■ Dataset extract:
+ + + +

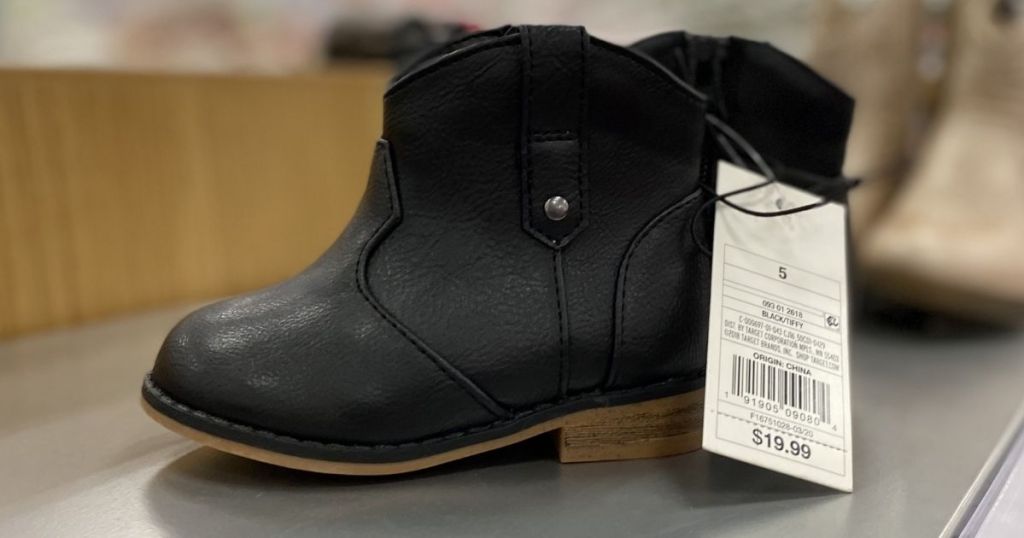black pair of kids boots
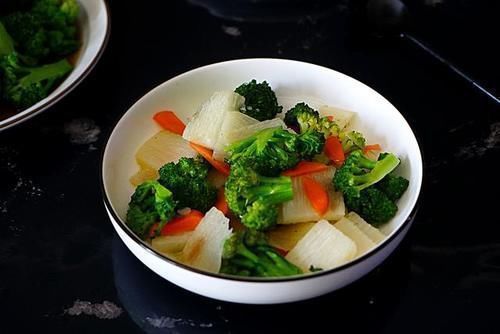 芝麻油凉拌|一家四口的午餐，3菜1汤，简单美味、热量低，吃得少想胖都难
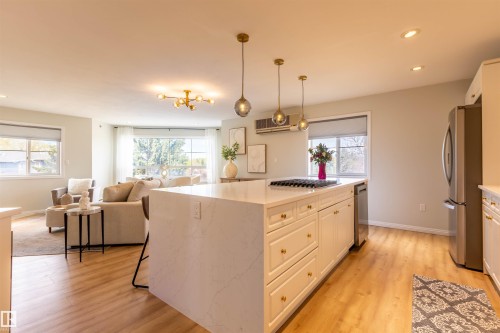 303 20 Grange Drive, St. Albert, AB - Indoor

+ + + +

Write out exactly the lines from the line that contains "芝麻油凉拌|一家四口的午餐，3菜1汤，简单美味、热量低，吃得少想胖都难" through the end of the material, including both ends. No pictures belong in the copy.

 芝麻油凉拌|一家四口的午餐，3菜1汤，简单美味、热量低，吃得少想胖都难
 303 20 Grange Drive, St. Albert, AB - Indoor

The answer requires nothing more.